El desastre que causaron los mexicas esa noche fue sin duda un descalabro para el ejército español, pero no fue suficiente para acabar con ellos. Y es que, en términos de estrategia militar, aquí se confrontaron, una vez más, dos visiones sobre la guerra, apunta Montero: Por un lado estaba la capacidad militar y las técnicas europeas que apuntaban a la aniquilación; por el otro, una táctica en la que se buscaba obtener cautivos para después sacrificarlos. “Durante todo el día del 1 de julio de 1520, los aztecas hostigaron a los españoles con un ánimo reducido, de haberse organizado los hubieran aniquilado en Tacuba”.
Una ilustración del Códice Florentino muestra que los mexicas regresaron a los canales a buscar los objetos que los españoles querían llevarse. “Uno de ellos aparece portando una espada en la mano derecha y un tejo de oro en la izquierda”, señala el investigador.
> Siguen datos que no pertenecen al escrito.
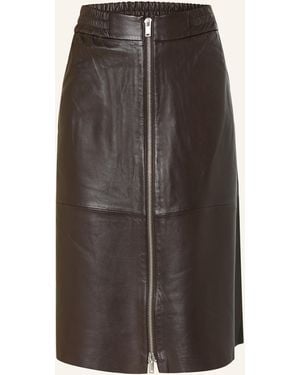 Ba&sh Lederrock PONA - Braun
En lugar de perseguirles hasta Tacuba, los guerreros mexicas volvieron para festejar la victoria y, para honrar el ascenso de su nuevo tlatoani, Cuitláhuac, sacrificaron a los prisioneros españoles y tlaxcaltecas. “El error táctico azteca durante la batalla de nueva cuenta fue su insistencia militar en el apresamiento de adversarios para el posterior sacrificio, si hubieran cambiado esta práctica por una operación de aniquilación total no hubieran escapado los españoles y sus aliados de la cuenca de México”, expone el arqueólogo.
Unos meses después, sobre la ciudad devendría un enemigo más poderoso e invisible del que ni el nuevo tlatoani se libraría: la epidemia de viruela. No obstante, la victoria mexica de aquel 30 de junio persiste en la memoria como uno de los episodios gloriosos de la resistencia indígena.